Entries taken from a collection
»»

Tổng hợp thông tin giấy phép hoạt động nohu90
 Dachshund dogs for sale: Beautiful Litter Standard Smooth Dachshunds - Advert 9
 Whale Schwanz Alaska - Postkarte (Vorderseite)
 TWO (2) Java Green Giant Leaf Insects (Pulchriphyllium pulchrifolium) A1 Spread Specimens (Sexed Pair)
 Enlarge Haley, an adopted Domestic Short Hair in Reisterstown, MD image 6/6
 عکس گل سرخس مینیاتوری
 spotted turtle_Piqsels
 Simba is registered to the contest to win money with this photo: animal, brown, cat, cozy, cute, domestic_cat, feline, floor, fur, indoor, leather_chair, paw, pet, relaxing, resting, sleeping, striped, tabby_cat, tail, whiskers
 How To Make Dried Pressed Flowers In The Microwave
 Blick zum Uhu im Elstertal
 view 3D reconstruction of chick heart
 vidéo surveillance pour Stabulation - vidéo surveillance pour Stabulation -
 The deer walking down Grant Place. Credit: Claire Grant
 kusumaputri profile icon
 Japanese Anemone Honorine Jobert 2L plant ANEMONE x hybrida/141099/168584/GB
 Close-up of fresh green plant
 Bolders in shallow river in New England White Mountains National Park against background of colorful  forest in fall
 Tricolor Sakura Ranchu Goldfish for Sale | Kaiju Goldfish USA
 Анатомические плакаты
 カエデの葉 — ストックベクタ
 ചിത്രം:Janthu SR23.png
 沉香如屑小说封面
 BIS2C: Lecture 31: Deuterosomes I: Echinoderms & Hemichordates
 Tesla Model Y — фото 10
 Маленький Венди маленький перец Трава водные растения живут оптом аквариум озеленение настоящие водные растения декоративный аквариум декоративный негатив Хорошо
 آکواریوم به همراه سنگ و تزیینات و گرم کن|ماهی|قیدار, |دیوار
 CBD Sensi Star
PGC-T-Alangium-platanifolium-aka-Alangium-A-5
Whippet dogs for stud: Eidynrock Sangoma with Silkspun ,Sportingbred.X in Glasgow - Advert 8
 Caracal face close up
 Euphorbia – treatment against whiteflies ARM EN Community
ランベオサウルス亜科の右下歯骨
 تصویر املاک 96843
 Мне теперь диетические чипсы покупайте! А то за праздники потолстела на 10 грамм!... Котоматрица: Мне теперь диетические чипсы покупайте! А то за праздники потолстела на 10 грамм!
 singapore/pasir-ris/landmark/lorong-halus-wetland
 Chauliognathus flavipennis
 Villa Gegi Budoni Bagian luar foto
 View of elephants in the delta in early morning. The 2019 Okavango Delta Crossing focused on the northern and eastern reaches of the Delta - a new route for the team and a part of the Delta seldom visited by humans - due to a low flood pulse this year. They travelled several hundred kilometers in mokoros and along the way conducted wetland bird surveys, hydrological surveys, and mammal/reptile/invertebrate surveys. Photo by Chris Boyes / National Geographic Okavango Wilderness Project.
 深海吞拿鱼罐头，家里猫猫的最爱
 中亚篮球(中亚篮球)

««

### Assignment
In the records above, find every line that contains the word "Advert" and copy it.

### Response for this exercise
 Dachshund dogs for sale: Beautiful Litter Standard Smooth Dachshunds - Advert 9
Whippet dogs for stud: Eidynrock Sangoma with Silkspun ,Sportingbred.X in Glasgow - Advert 8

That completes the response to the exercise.